-- SUPPLIED MATERIAL follows --

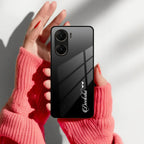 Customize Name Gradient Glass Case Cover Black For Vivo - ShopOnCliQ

-- SUPPLIED MATERIAL concluded --
-- SUPPLIED MATERIAL follows --

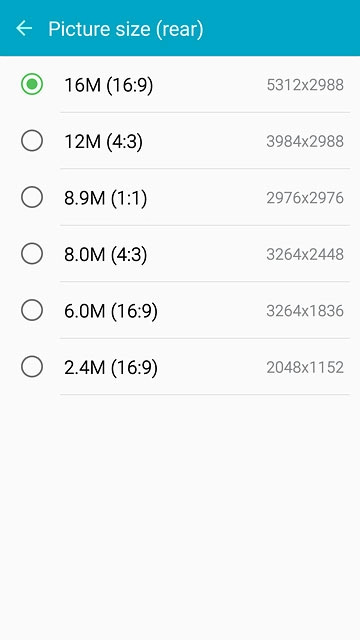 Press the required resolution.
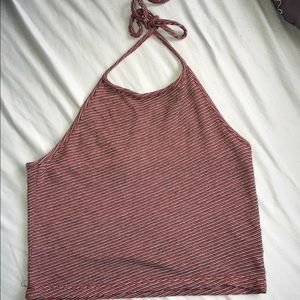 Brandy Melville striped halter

-- SUPPLIED MATERIAL concluded --

● **EXERCISE**:
Return exactly the part of the listing above that opens with the line containing "Press the required resolution." and closes with the line containing "Brandy Melville striped halter". Pictures stay out.

● **OUTPUT**:
 Press the required resolution.
 Brandy Melville striped halter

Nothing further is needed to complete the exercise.